鼻から軽く吸い、口または鼻から細く長く吐く。
肩の力を抜く。
奥歯の噛みしめをゆるめる。
お腹や腰を固めすぎていないか感じる。
厚生労働省のe-ヘルスネットでも、ストレッチングでは息を止めないことが大切で、ゆっくりと深い呼吸には緊張を和らげる効果があると説明されています。
2. 冷えた身体をそのままにしない
冷房を我慢する必要はありません。
熱中症予防のためにも、暑さを避けることや涼しい場所を選ぶことは大切です。
ただし、冷房の風が首、肩、お腹、腰、足元に直接当たり続けないようにしましょう。
薄手の羽織りものを使う。
足首やお腹を冷やしすぎない。
汗をかいたまま冷房に当たり続けない。
このような小さな工夫で、身体のこわばりは変わります。
3. 睡眠のリズムを戻す
夏の寝苦しさで乱れた睡眠は、秋に入る前に整えていきたいところです。
寝る直前までスマホを見続けない。
朝に光を浴びる。
寝る前に身体をゆるめる。
冷房で冷えすぎない環境をつくる。
睡眠時間だけでなく、起きたときに回復した感じがあるかも確認してみましょう。
4. 急に運動量を増やさない
「涼しくなってきたから運動しよう」と思うことは良いことです。
ただし、夏の疲れが残っている状態で急に頑張りすぎると、身体がついていかないことがあります。
まずは軽い散歩、ストレッチ、呼吸、股関節や背中を動かす運動から始めましょう。
追い込むよりも、身体が軽くなる感覚を大切にしてください。
強い不調は自己判断しない
夏の疲れや季節の変わり目によって、だるさや肩こり、腰痛、睡眠の乱れが出ることはあります。
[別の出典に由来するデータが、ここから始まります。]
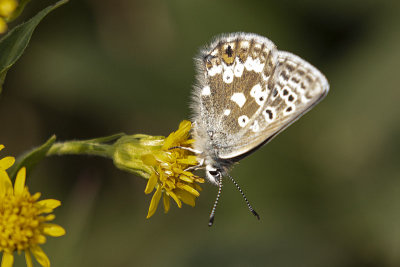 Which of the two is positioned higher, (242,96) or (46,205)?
(242,96)

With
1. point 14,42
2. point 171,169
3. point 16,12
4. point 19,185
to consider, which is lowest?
point 171,169

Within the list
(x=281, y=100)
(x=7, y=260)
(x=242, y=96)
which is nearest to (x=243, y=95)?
(x=242, y=96)

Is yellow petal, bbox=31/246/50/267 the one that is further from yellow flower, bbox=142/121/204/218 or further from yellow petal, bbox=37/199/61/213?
yellow flower, bbox=142/121/204/218

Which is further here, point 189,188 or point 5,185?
point 189,188

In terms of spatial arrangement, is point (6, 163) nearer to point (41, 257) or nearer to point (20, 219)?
point (20, 219)

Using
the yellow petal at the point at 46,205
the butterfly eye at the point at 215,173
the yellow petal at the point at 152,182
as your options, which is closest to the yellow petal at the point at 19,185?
the yellow petal at the point at 46,205

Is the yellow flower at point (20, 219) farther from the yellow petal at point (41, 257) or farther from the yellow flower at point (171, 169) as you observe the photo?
the yellow flower at point (171, 169) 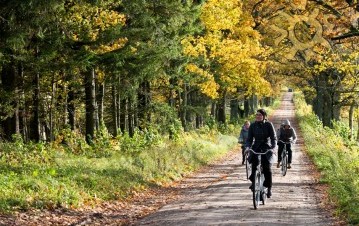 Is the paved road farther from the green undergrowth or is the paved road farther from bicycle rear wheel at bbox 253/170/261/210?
the green undergrowth

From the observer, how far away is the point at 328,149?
26.7 metres

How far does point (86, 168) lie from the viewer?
1546 centimetres

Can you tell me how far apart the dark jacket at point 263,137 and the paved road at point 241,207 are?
1453mm

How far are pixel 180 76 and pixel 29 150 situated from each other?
12.2 m

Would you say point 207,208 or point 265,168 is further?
point 265,168

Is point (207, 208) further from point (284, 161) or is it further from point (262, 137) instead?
point (284, 161)

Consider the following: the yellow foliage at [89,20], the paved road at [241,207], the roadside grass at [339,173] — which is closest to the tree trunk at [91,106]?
the yellow foliage at [89,20]

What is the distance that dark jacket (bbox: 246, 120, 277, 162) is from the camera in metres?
12.8

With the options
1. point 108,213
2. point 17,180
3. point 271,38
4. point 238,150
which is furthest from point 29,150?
point 271,38

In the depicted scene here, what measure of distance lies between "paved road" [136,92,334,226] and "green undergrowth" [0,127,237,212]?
5.79 feet

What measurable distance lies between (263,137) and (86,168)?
5657mm

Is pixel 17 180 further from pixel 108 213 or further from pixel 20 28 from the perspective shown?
pixel 20 28

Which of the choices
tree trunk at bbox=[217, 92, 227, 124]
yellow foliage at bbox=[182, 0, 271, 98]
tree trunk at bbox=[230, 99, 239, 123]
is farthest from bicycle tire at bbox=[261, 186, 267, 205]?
tree trunk at bbox=[230, 99, 239, 123]

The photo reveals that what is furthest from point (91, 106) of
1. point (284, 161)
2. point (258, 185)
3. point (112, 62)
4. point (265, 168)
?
point (258, 185) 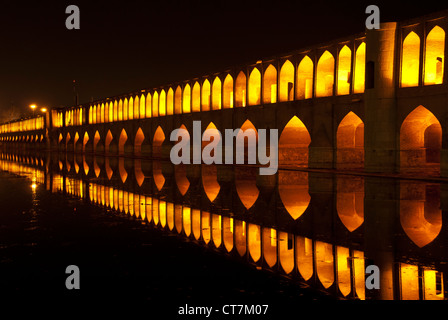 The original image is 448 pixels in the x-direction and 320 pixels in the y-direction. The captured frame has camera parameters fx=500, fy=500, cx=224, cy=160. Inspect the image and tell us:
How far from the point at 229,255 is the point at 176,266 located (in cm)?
75

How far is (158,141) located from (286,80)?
14.6m

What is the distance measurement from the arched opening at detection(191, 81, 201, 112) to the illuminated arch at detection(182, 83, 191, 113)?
1021 millimetres

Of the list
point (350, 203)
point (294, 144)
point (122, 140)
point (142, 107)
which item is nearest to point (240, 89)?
point (294, 144)

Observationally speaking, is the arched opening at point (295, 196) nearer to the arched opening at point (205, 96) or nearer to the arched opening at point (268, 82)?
the arched opening at point (268, 82)

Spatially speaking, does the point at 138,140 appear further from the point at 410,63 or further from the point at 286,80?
the point at 410,63

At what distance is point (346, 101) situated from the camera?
19.1m

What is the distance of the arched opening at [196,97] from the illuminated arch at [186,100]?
1.02 metres

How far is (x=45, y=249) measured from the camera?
578 centimetres

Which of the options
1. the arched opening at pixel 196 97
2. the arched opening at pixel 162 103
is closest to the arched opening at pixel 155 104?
the arched opening at pixel 162 103

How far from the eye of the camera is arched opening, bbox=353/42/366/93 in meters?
18.9

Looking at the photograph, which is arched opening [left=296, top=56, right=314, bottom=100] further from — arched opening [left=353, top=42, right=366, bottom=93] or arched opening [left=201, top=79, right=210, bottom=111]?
arched opening [left=201, top=79, right=210, bottom=111]

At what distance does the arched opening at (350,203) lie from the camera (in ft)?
24.7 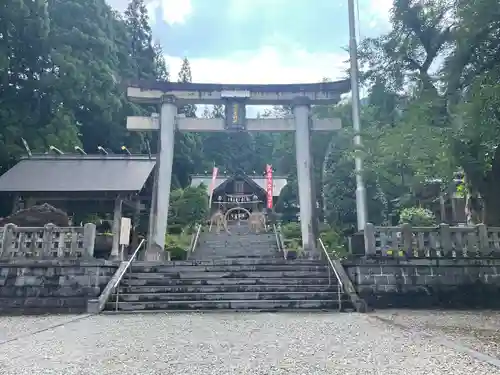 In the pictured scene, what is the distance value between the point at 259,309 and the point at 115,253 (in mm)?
5131

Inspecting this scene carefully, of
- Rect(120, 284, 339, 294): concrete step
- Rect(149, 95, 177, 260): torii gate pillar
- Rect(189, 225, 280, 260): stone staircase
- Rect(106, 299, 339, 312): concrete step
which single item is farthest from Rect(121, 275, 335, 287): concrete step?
Rect(189, 225, 280, 260): stone staircase

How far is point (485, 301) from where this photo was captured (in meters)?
8.99

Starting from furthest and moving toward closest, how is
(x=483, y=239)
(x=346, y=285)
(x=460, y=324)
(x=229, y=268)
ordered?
(x=229, y=268)
(x=483, y=239)
(x=346, y=285)
(x=460, y=324)

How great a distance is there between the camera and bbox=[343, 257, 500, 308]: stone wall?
29.5 ft

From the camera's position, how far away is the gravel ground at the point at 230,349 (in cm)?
381

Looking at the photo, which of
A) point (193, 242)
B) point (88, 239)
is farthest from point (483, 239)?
point (193, 242)

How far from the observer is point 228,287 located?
921 cm

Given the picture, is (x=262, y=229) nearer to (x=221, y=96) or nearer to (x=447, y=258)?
(x=221, y=96)

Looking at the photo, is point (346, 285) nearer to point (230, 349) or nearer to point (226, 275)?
point (226, 275)

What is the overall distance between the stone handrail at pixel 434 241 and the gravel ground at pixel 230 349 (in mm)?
3029

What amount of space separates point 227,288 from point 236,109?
652cm

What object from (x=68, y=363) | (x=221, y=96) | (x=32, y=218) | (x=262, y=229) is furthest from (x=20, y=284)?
(x=262, y=229)

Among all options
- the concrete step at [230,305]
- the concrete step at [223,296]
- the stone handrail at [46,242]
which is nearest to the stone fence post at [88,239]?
the stone handrail at [46,242]

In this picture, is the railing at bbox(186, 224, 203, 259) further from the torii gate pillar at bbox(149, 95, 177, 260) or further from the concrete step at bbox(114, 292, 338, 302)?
the concrete step at bbox(114, 292, 338, 302) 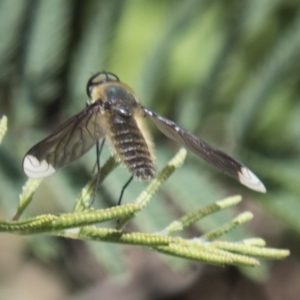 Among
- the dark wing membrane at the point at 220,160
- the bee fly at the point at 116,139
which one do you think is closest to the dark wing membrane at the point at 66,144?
the bee fly at the point at 116,139

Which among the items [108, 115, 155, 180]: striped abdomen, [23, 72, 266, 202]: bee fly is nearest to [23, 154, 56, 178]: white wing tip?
[23, 72, 266, 202]: bee fly

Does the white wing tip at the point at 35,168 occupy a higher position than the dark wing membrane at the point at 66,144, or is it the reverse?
the dark wing membrane at the point at 66,144

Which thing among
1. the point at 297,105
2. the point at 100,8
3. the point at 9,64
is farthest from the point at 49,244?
the point at 297,105

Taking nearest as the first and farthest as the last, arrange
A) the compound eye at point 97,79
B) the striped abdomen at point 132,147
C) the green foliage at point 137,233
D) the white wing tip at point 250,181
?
the green foliage at point 137,233, the white wing tip at point 250,181, the striped abdomen at point 132,147, the compound eye at point 97,79

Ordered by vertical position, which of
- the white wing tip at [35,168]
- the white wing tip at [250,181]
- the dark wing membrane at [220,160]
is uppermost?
the dark wing membrane at [220,160]

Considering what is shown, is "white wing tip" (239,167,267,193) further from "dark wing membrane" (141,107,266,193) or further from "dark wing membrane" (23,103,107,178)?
"dark wing membrane" (23,103,107,178)

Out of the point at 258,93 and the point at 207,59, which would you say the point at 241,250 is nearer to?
the point at 258,93

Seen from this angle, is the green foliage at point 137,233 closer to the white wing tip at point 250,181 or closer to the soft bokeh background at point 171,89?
the white wing tip at point 250,181

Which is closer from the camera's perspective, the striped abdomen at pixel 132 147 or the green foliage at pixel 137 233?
the green foliage at pixel 137 233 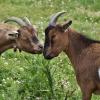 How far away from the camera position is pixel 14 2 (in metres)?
21.3

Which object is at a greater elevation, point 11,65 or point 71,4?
point 11,65

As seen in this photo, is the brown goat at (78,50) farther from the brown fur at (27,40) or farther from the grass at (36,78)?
the brown fur at (27,40)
ただし、すべてを「夏の疲れ」と決めつけるのは危険です。
強い倦怠感。
発熱。
吐き気。
めまい。
動悸。
息切れ。
水分が取れない。
急な体調悪化。
しびれや強い痛み。
このような症状がある場合は、医療機関への相談も必要です。
特に暑い環境で体調が悪くなった場合は、熱中症の可能性もあります。無理せず涼しい場所へ移動し、必要に応じて早めに医療機関や救急へ相談してください。
夏の不調を秋に持ち越さない身体へ
夏の不調は、気合いで乗り切るものではありません。
身体がだるい。
肩こりが強い。
腰が重い。
眠りが浅い。
疲れが抜けない。
これらは、身体からのサインです。
そのサインを放置すると、秋以降も疲れやすさ、肩こり、腰痛、睡眠の乱れとして残ってしまうことがあります。
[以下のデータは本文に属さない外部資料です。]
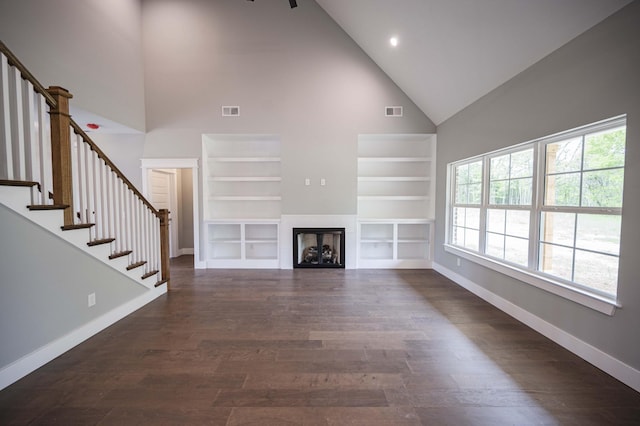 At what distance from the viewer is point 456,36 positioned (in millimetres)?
2820

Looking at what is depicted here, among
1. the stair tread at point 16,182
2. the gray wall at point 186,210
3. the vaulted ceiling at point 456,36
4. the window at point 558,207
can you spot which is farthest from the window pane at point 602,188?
the gray wall at point 186,210

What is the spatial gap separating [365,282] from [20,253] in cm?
368

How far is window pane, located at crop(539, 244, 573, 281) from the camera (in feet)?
7.45

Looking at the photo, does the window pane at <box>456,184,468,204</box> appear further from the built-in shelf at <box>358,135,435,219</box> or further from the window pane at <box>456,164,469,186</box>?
the built-in shelf at <box>358,135,435,219</box>

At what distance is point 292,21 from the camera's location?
441cm

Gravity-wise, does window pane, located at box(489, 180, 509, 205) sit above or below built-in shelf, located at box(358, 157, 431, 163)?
below

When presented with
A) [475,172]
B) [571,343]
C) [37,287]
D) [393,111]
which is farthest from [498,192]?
[37,287]

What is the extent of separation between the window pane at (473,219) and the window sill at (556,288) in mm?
452

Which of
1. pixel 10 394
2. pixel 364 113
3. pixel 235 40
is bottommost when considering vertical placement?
pixel 10 394

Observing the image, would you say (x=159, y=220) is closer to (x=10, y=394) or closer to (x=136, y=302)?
(x=136, y=302)

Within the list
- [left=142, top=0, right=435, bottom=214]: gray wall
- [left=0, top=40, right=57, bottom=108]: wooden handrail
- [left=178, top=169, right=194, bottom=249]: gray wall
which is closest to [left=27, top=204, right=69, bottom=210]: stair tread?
[left=0, top=40, right=57, bottom=108]: wooden handrail

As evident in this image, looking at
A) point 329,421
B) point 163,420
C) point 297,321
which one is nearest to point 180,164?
point 297,321

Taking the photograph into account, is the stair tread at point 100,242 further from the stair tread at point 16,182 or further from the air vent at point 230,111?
the air vent at point 230,111

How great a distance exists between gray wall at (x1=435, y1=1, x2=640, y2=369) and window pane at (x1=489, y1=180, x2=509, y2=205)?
1.52 ft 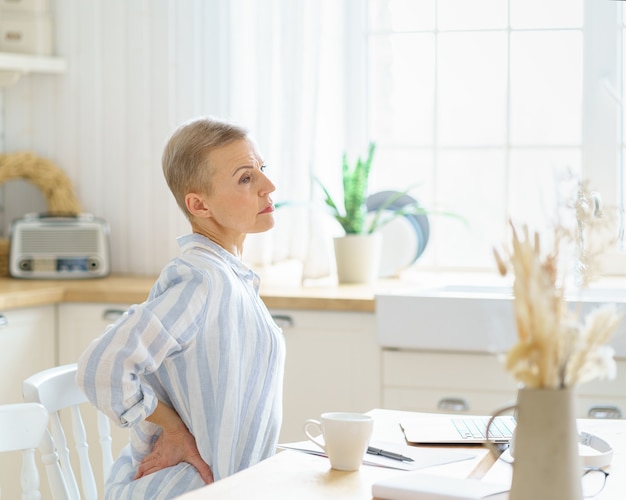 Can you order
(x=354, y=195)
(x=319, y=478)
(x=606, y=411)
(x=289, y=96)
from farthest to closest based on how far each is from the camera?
1. (x=289, y=96)
2. (x=354, y=195)
3. (x=606, y=411)
4. (x=319, y=478)

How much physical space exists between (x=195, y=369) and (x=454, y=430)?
0.45 meters

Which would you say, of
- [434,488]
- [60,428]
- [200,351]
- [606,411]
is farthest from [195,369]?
[606,411]

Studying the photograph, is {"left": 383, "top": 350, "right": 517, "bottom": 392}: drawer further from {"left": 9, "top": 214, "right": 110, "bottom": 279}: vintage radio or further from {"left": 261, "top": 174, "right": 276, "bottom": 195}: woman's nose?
{"left": 9, "top": 214, "right": 110, "bottom": 279}: vintage radio

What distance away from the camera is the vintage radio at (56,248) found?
3.36m

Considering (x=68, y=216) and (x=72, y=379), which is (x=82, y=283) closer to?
(x=68, y=216)

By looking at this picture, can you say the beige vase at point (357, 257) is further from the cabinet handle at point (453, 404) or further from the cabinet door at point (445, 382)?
the cabinet handle at point (453, 404)

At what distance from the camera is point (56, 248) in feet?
11.1

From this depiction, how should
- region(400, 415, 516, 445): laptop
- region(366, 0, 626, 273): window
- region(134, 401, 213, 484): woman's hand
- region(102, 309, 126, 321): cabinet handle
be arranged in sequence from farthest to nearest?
region(366, 0, 626, 273): window
region(102, 309, 126, 321): cabinet handle
region(134, 401, 213, 484): woman's hand
region(400, 415, 516, 445): laptop

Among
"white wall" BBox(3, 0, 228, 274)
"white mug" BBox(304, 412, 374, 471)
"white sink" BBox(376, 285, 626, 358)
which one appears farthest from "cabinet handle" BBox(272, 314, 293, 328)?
"white mug" BBox(304, 412, 374, 471)

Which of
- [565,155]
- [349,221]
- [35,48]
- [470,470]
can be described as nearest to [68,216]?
[35,48]

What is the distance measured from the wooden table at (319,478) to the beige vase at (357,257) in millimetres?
1592

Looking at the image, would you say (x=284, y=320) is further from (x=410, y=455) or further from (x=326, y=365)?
(x=410, y=455)

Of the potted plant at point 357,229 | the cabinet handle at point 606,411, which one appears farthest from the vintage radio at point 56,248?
the cabinet handle at point 606,411

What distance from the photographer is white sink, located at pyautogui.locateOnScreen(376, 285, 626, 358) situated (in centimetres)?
263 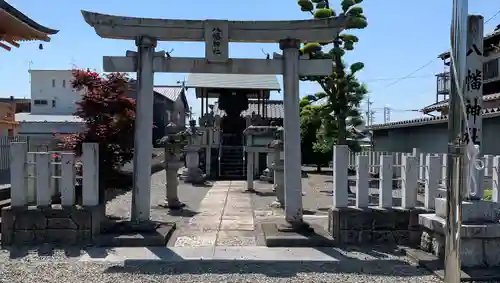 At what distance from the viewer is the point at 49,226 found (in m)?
7.12

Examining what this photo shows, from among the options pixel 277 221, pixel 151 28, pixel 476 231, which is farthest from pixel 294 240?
pixel 151 28

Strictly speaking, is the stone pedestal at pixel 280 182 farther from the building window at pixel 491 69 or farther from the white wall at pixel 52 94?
the white wall at pixel 52 94

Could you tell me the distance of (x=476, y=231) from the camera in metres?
5.89

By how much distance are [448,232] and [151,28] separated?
5.79 m

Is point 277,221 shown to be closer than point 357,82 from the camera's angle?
Yes

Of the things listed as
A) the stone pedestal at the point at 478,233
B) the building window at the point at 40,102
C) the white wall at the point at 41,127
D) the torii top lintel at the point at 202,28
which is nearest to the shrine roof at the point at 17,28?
the torii top lintel at the point at 202,28

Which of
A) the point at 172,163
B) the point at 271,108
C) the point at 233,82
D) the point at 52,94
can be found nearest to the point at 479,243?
the point at 172,163

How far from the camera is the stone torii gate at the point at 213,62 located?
7.60 meters

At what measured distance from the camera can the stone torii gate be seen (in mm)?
7602

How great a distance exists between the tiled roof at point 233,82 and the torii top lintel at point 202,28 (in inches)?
663

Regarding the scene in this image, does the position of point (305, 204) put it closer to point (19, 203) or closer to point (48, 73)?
point (19, 203)

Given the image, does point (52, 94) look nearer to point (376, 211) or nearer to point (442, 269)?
point (376, 211)

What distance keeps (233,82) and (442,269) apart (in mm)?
20548

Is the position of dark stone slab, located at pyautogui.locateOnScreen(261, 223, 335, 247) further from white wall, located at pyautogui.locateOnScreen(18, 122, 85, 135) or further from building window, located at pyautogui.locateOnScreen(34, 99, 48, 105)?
building window, located at pyautogui.locateOnScreen(34, 99, 48, 105) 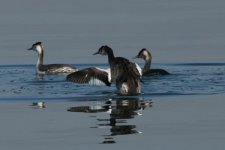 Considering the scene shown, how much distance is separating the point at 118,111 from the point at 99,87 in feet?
12.7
だからこそ、今必要なのは、もっと頑張ることではありません。
呼吸を整える。
身体の力みを抜く。
冷えをそのままにしない。
睡眠で回復しやすい状態をつくる。
肩や腰に負担が集中しない身体の使い方を身につける。
LIFE SMILE GYMでは、夏の不調を単なる体力不足として見るのではなく、呼吸、姿勢、身体の緊張、睡眠、日常の使い方まで確認しながら、その方に合った順番で整えていきます。
鍛える前に、まず整える。
夏の疲れを秋に持ち越さないために、今の身体を見直してみてください。
「涼しくなれば治る」と思っていた不調こそ、早めに整えることで、秋からの毎日が変わっていきます。